Le case descritte nel libro sono spesso sporche e piene di animali. Perché? «Strana contraddizione: loro si lavano tantissimo, ma le case - e non solo - sono veramente sporche. Una volta ero con mio marito in un bellissimo e romantico albergo di Miami. Poi mi è passato uno scarafaggio lungo dieci centimetri in mezzo ai piedi e il romanticismo se n'è andato tutto».

Ricerca e soldi, ricerca e politica. Anche di questo si parla. Come si è evoluta la ricerca negli ambiti di cui ti sei occupata? «Quello dell'AIDS è un caso esemplare di come i soldi e l'impegno politico portino ai risultati. Oggi nei paesi avanzati non si muore più. La politica internazionale ha fallito, ma lì il discorso è diverso, le cure costano troppo, e a noi non importa molto della loro salute», dice Adriana ironicamente. «Nei tumori ci sono ancora pochi investimenti, perciò non arrivano nemmeno i risultati».
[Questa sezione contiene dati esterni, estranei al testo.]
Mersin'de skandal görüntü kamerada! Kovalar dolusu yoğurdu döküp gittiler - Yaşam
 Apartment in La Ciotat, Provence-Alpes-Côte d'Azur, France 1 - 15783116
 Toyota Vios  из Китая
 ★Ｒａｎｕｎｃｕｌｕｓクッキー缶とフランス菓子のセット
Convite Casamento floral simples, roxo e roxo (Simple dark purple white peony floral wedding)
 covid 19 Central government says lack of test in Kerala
Genova come è messa? «I centri ci sono: il misterioso IIT, che pare si faccia, l'IST, il Gaslini, gli Ospedali fanno ricerca. Chi viene da fuori dice che è un posto valido. Il problema è un altro: i fondi per la ricerca di base sono sempre meno».

Progetti per il futuro? Letterari s'intende...
«Tantissimi, un giallo-scientifico, un'antologia di racconti erotico-romantici un po' vecchio stile, poi mi hanno chiesto di partecipare a un'antologia su Genova». Saluto ad Adriana per la piacevole conversazione...e aspettiamo il giallo-scientifico!